Returning forests to reclaimed mine lands
You always hear how coal from Pennsylvania fueled the Industrial Revolution and helped the United States win two World Wars. Many people are also aware of the scars on our lands left from that mining.
Those scars are steadily being reclaimed by primarily the Pennsylvania Department of Environmental Protection's (DEP) Bureau of Abandoned Mine Reclamation.
Over the last 40 years, reclamation usually entailed the compaction of the surface soil to limit the infiltration of surface water to the overburden buried that could give rise to mine drainage. However, those compacted soils have left many of these thousands of acres of reclaimed parcels devoid of tree growth.
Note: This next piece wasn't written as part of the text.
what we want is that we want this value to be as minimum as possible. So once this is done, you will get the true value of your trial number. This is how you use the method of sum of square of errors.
Enter the Appalachian Regional Reforestation Initiative (ARRI), an effort within the Federal Office of Surface Mining to reforest these reclaims throughout Appalachia using their Forest Reclamation Approach (FRA). This effort is gaining traction through a partnership between DEP, the Susquehanna River Basin Commission (SRBC), CBF, the Pennsylvania Environmental Council, Green Forests Work, Pennsylvania Game Commission, and the Pennsylvania Department of Conservation and Natural Resources. Each of the last few years has seen an increase in reclaimed mine lands being reforested through this partnership.
FRA is a five-step process to return forests onto those lands that have been reclaimed through soil compaction techniques.
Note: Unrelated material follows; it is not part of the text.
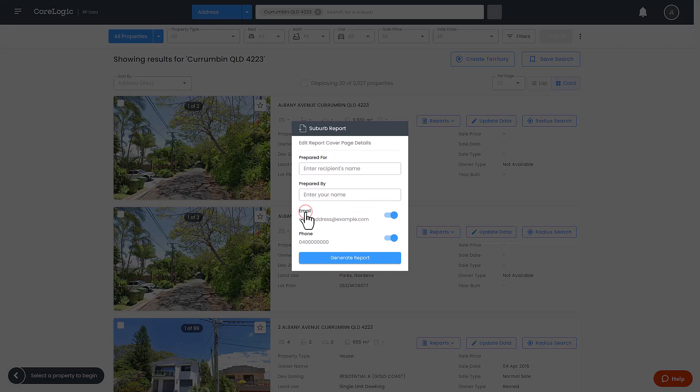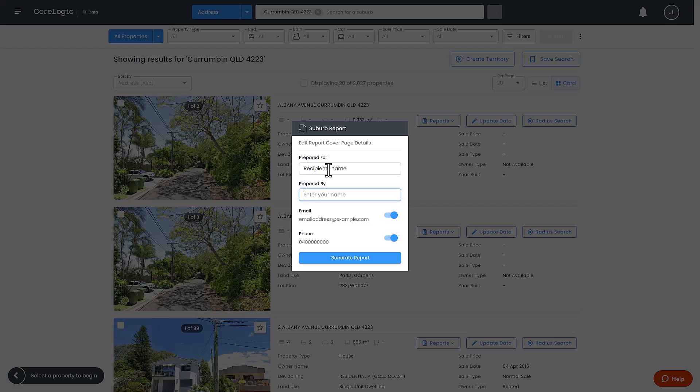Enter the recipient's name and your name or leave these blank if not needed. You can also choose to include your email and phone number on the report or toggle the switch to exclude these. Click generate report.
The first step creates a suitable rooting medium for good tree growth that is no less than four feet deep and comprised of topsoil, weathered sandstone, and/or the best available material. This is accomplished by "ripping" the site with a D-8 or larger-sized dozer with a 4-foot ripping shank attachment.
The second step is to make sure the new rooting medium remains loosely graded to create a non-compacted growth medium. This involves "ripping" the site in a checkerboard-type fashion upon 8-foot centers so as not to "dozer-over" previously ripped areas.
Step three is the planting of two types of trees: early succession species for wildlife and soil stability; and commercially valuable crop trees like oak, maple, and cherry.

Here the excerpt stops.